──────── RAW DATA
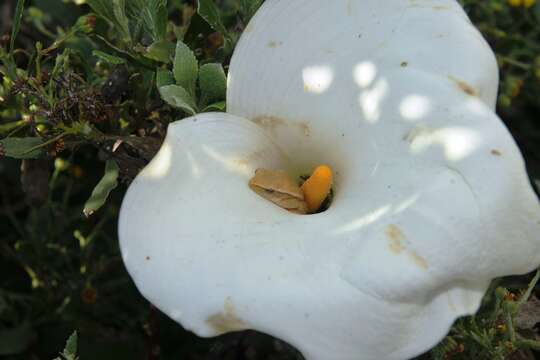 Image of Arum lily frog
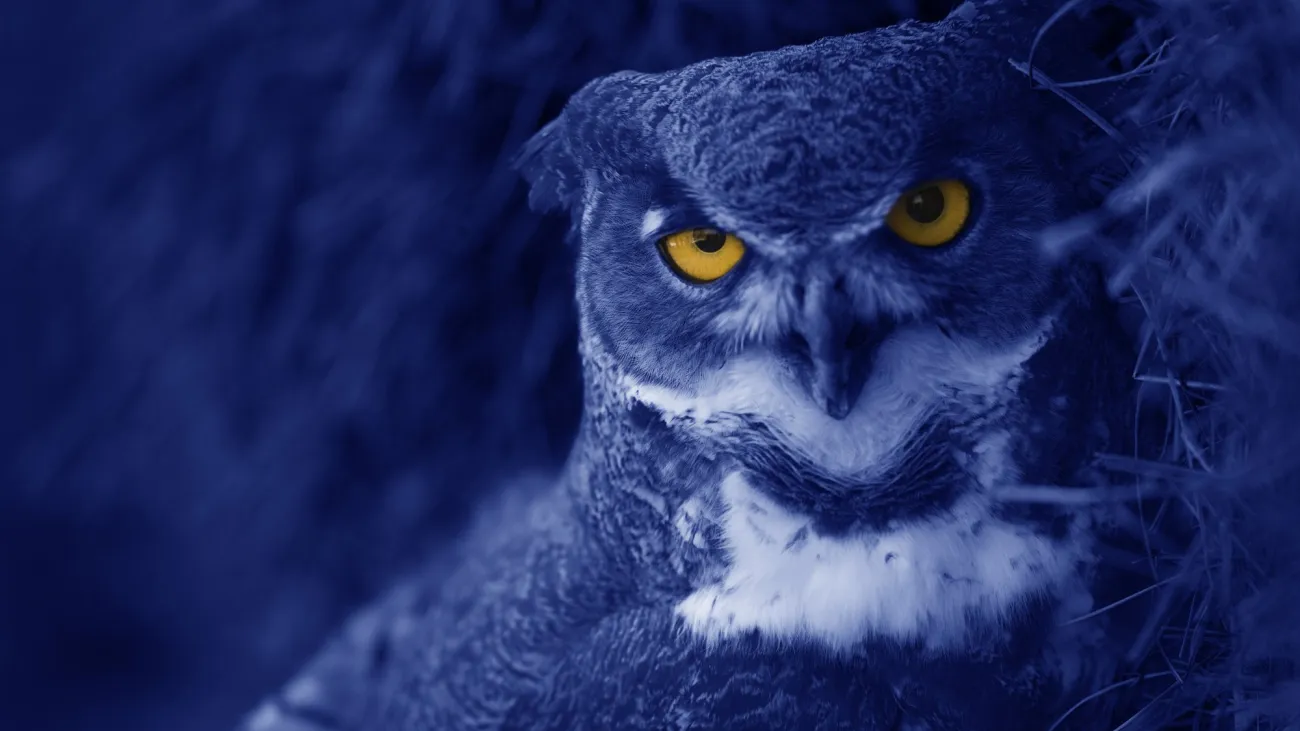 Owl-O-Ween, Helena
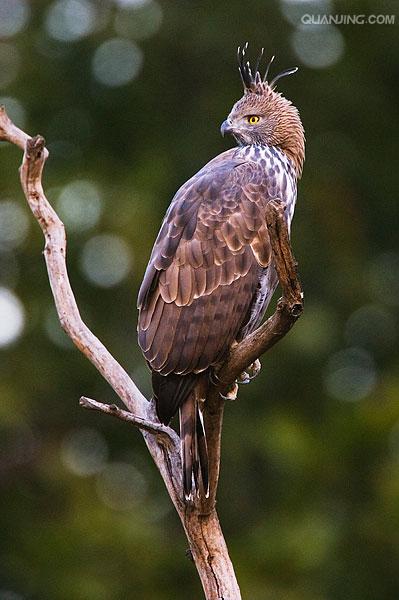  a target="_blank" href="/item/鹰科">鹰科 /a>冕鹰雕属的一个物种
────────────────
TASK REQUIREMENTS: Give back the full listing word for word, with the pictures left out.

OUTPUT FOR THIS TASK:
 Image of Arum lily frog
 Owl-O-Ween, Helena
  a target="_blank" href="/item/鹰科">鹰科 /a>冕鹰雕属的一个物种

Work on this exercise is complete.